Human Migration VS Animal Migration (1st Upgrade)

Published 08th June 2010 - 38 comments - 22391 views -

The double edged sword called development

Admiring the rolling hills of the northern Serengeti National Park and seeing the wildebeest migration crossing the Mara River are some of those moments I will never forget. It was a joy to work in a with poachers infested area, to do border patrols and anti-poaching activities. The Serengeti is a very special place.

But today I came across a very disturbing article. The Serengeti National Park in Tanzania will in 2012 receive a new highway that will link the north-western side of the country with the tourism hub of Arusha and beyond, thus making human migration a lot easier.

Great news for Tanzanians living in the district of Serengeti who are almost completely blocked off . They have the Serengeti National Park with its heavy entrance fees on the east, the Kenyan border on the north and Lake Victoria on the west. They can only leave their district in the south, via a small corridor close to Lake Victoria and they have to make a big detour to get anywhere in the country.

But for conservation and wildlife the highway plans are a downright disaster. Especially since an alternative road south of the Serengeti is an option.

The Serengeti and Grumeti

Serengeti National Park and the protected areas on the outside are some of the most famous and most portrayed protected areas on the African continent. Apart from their rich wildlife and stunning landscapes, they are best known for the thundering noise of wildebeest hooves during the wildebeest migration.

The Great Migration, one of the last and biggest animal migrations of the entire planet, is the annual trek of gnus (wildebeests) and zebras in their search for greener pastures and rain, thereby crossing from Tanzania into Kenya and returning a few months later. This migration is ancient and the planned highway is directly in its path.

The migration


For many decades the inhabitants of the Serengeti district of Tanzania’s Mara region had a tough life. The government basically ignored the area while the people became more and more frustrated about being cut off from the rest of the country.

They were not only far from the economical capital Dar es Salaam but also difficult to reach. Living in the this blocked off section of Tanzania had increased poverty and decreased development. Therefore the western side of the Serengeti was rife with poachers and occasionally a tourist camp would get raided. And many were involved, something I could tell from villagers fleeing into their homes when they saw my car and always mistook it for a vehicle from the Wildlife Department.

The situation for those living in the Serengeti district led to an investigative research in 1999, to see if something about their situation could be done.

Two years ago I visited the area again and I stayed in Sabora Tented Camp in the Grumeti Reserve, an area adjoining the Serengeti park in the western corridor and being leased by an American corporation called Grumeti Reserves Ltd. The camp is great as one can call for free anybody in the world (satellite) and the migration can be watched from your bathtub.

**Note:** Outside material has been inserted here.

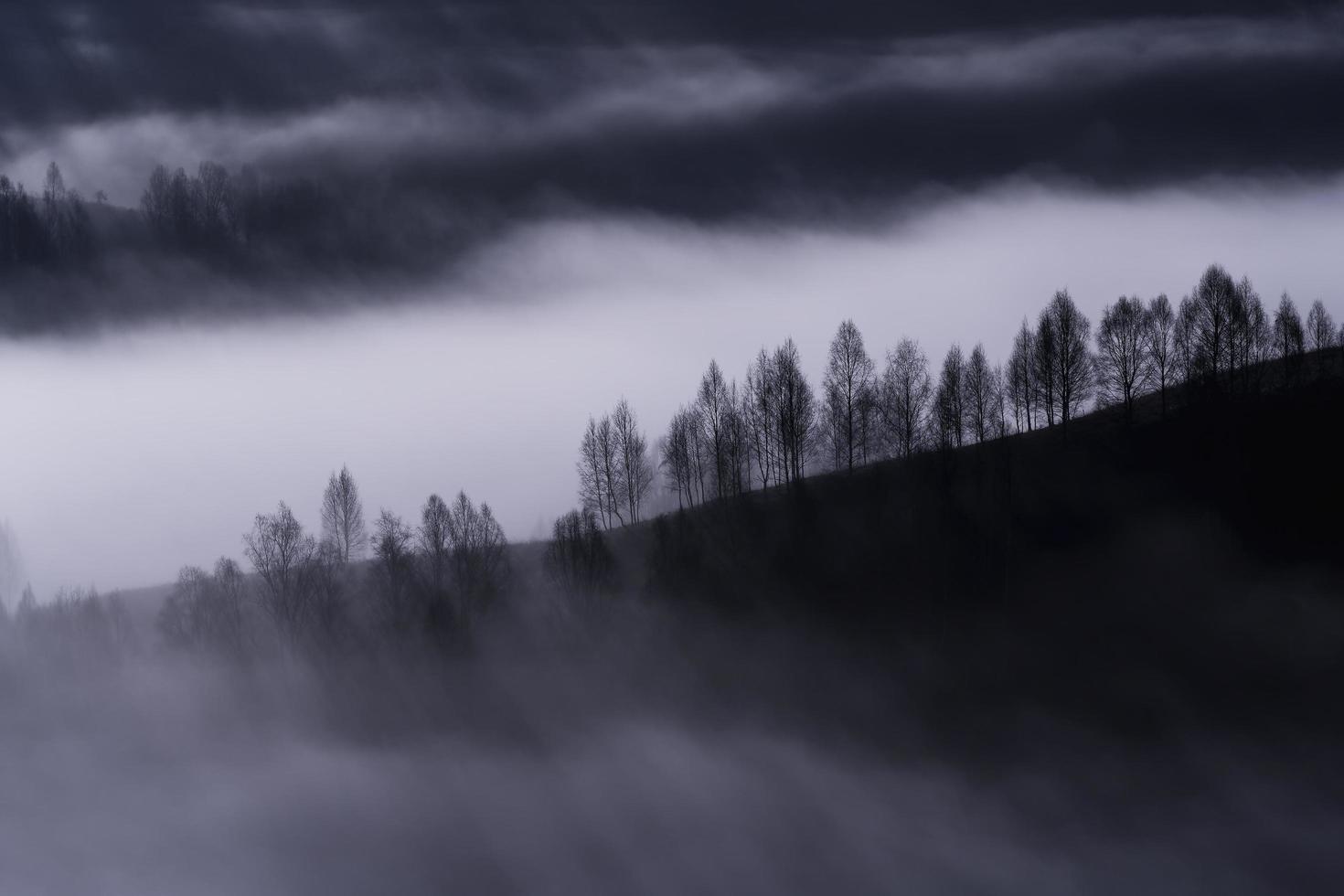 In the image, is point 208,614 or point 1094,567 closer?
point 1094,567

The arrival of this company several years back was very important as it pumped huge amounts of money into tourism development and anti-poaching efforts. The company built schools, encouraged small business development and the quality of life for the community improved.

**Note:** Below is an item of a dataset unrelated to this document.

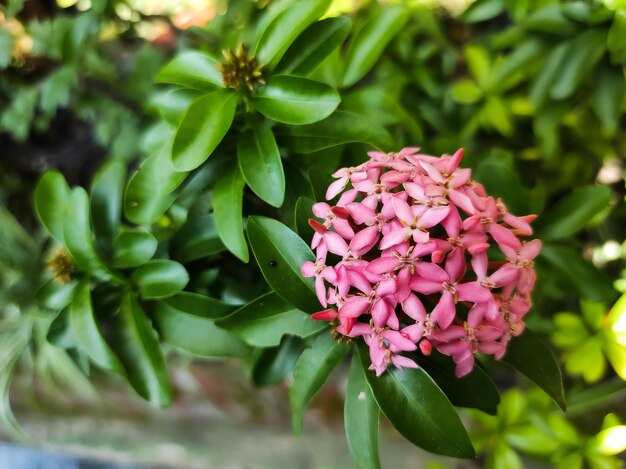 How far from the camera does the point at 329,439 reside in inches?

Everybody in the tourism industry, from Kenya to Namibia, spoke about the owner of the company: Paul Tudor Jones, the 369th richest man on the planet in 2007.

He was the man who changed things, who got things moving and who had the well-being of his staff, their families and the communities at heart. He basically started to change this area of Tanzania. He was almost seen as a God and he proved that community involvement is essential and working.

And the Grumeti reserve is en route of the wildebeest migration.

The downside

But like with everything that is almost too good to be true, also now the (wildebeest)shit starts hitting the fan.

The American company came in 2006 up with plans to build an international airport in the region. Besides that it planned to construct a highway that would not only run straight through the Serengeti National Park but would also go through the Loliondo Conservancy on the east, another protected area.

But the plan came under attack in 2007. More research needed to be done and it was clear from day one that the wildlife and especially the wildebeest migration would face negative consequences of these developments.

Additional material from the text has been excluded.